A Marital Perspective by Robert Socha
What if we praised things that encouraged chastity, humility, and virtue? What would the positive implications be? How would those undertones affect the culture? What positive long-term effects would culminate?
For example, this weekend, I was at a wedding where the bride’s father spoke about his relationship with his daughter and newly crowned son-in-law. He said he took his daughter’s fiancée to breakfast multiple times and had good heart-to-heart discussions about their future. Following is a truncated remembrance of the talks:
Father of the Bride: “Son, I am not a fairy-tale guy. I don’t believe that there is one woman who was perfectly made only for one man and vice versa. The tales are not true; they only end in disappointment. But, if you are willing to choose my daughter every day for the rest of your life, every day, then I’m okay with that.”

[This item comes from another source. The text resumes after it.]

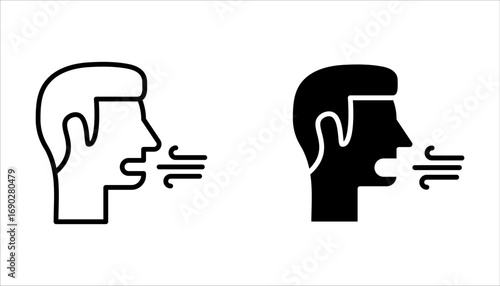 Breathing line icon set. Breath difficulties sign on white background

Fiancée: “Yes, sir, I am willing.”
Father of the Bride: ” Son, I noticed you and my daughter are getting very close and kissing. These are natural tendencies that are normal and healthy in the right setting. My daughter’s virtue is vital to her character, as I understand your virtue is to you. If you were to betray her trust and steal it from her before you have both said, ‘I do,’ then it may cause irreparable harm and difficulty I would rather see you avoid. And if you keep kissing her the way you have been, I can see a slippery slope toward a premarital romance.”
Fiancée: “We have been getting close. I will think about what you have said.”
Father of the Bride, after walking in on a pretty severe argument: “Son, my daughter comes by her passionate defense naturally. She has her mom and me as examples, and we are both very passionate people whose legendary arguments have sewn small seeds of anger, rebellion, mistrust, and divisiveness. These vices are difficult to overcome independently, let alone grouping them together. Once you are married and behind the safety of your own place, when these disagreements rear their ugly head, and they will, they will be more pronounced, and there will be nowhere to run to escape the emotion. You must be willing to maintain a level head, a gentle answer, and a strong position until resolution comes. If you are unwilling to do that, now is the time to leave. After exchanging vows, leaving is not an option.”
Fiancée: “I know. I love her and am willing.”
Other discussions included finances and provision, family and children, and cultural differences that two newlyweds must overcome. The breakfasts were a tremendous blessing to both the father and the son-in-law.
The fruit of these sometimes-tricky discussions will be a marriage, built on the Rock, that will endure the hardships and be a light and a witness to love overcoming a multitude of sins.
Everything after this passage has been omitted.